Pylance seems to use unions instead of joins to find the type of those iterables, which is why you get that notice about the zip
iterator yielding tuple[int | str]
. Might be arguably the better approach compared to that of mypy
, but still unsatisfactory for your purposes. But I hope you see that the fundamental issue here is the same.
Tuples are special in that they are generic over a variable number of type arguments. The reasoning is supposedly that they are of fixed length and you can therefore very precisely parameterize them. Something like a list
can be changed in length and iterators don't even have a concept of length; they can potentially yield elements forever. So it seems reasonable to only give them one type parameter.
The problems arise, when we need to view a tuple
as an Iterable
. And I see no way around that.
As for how to proceed for you, this depends on what the actual use case is.

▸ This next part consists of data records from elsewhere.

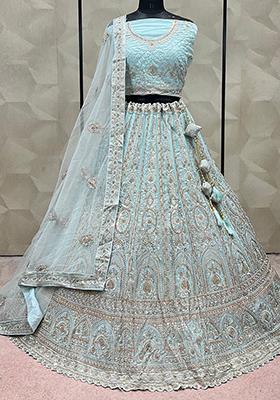 Sky Blue Embroidered Art Silk Lehenga Set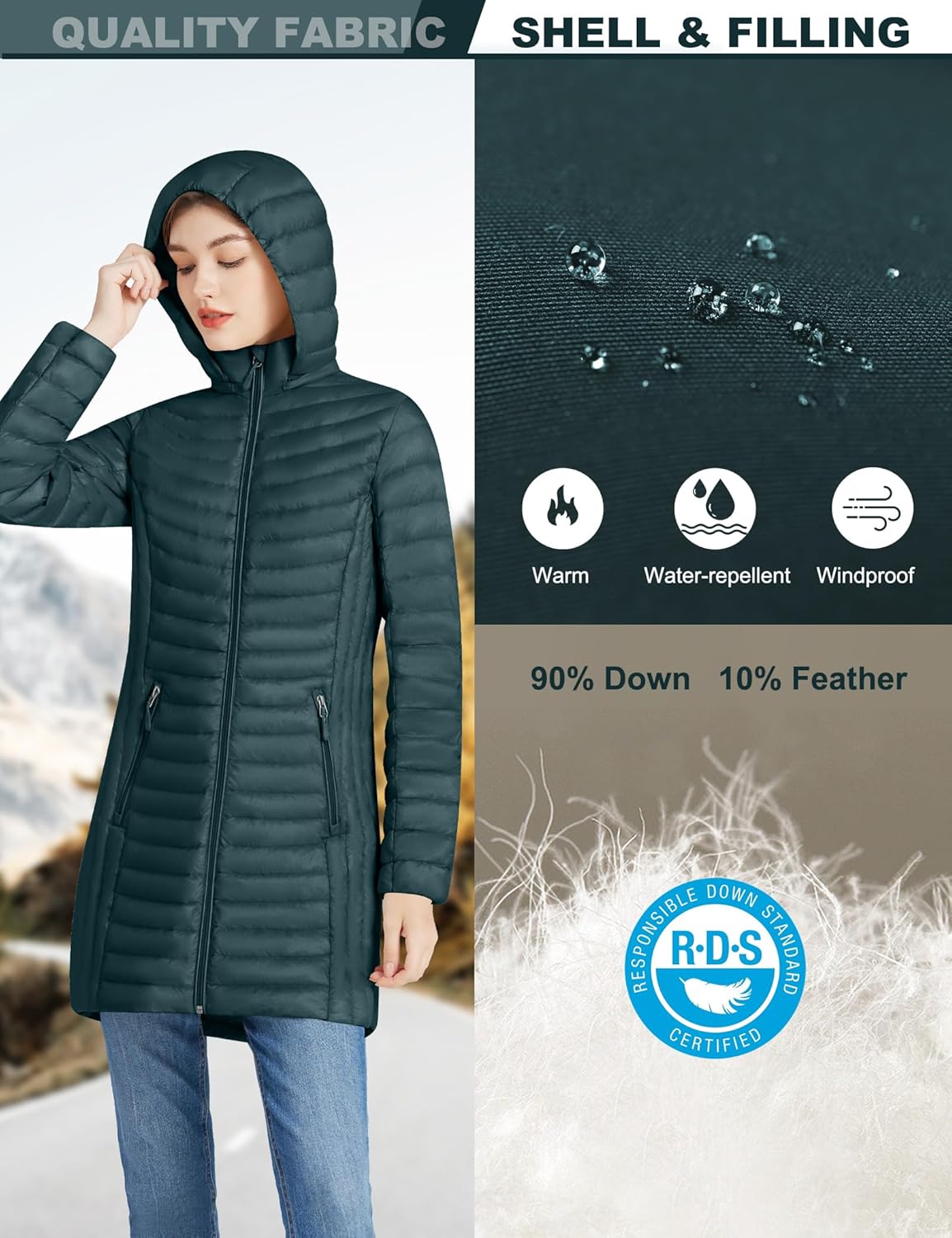 ANOTHER CHOICE Women Ultralightweight Down Coat, Winter Puffer Jacket with Detachable Hood Stretchy Panel Rollable - Image 4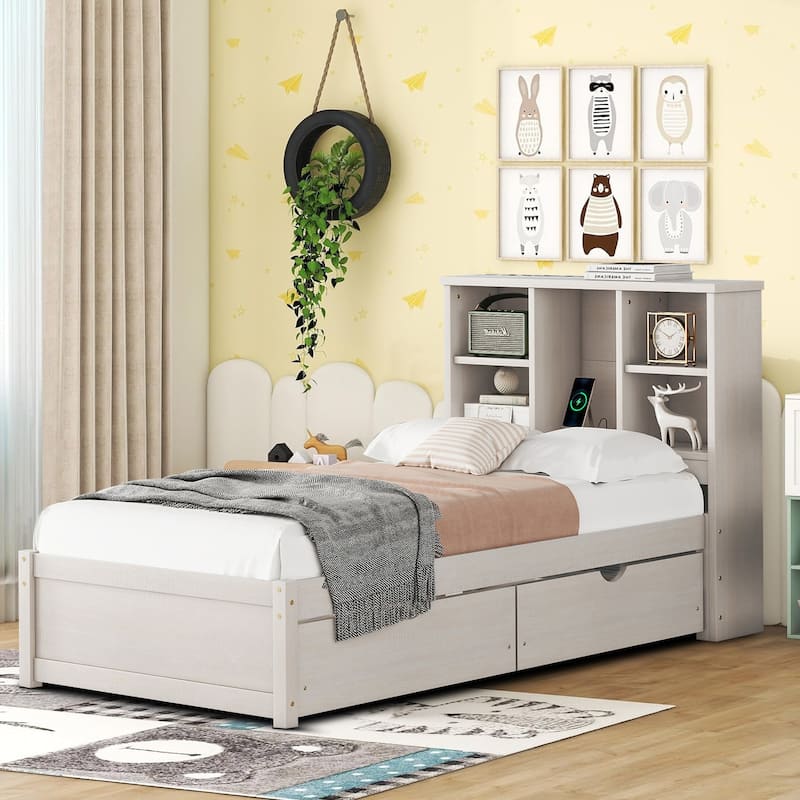 Contemporary Multifunctional Twin Size Wooden Platform Bed Frame - White Washed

The simplest way based on your minimal example would obviously be a type: ignore
at the moment of unpacking the zip
:
test_list: list[tuple[int, str]] = [(1, 'testa'), (2, 'testb')]
a: tuple[int]
b: tuple[str]
a, b = zip(*test_list) # type: ignore[assignment]
If you are actually dealing with functions and your setup is more involved, maybe there are other ways around this problem. If you elaborate, maybe we can work something else out. Other than that, there is no shame in using duly considered type: ignore
s in your code, when you hit the limits of the available typing system.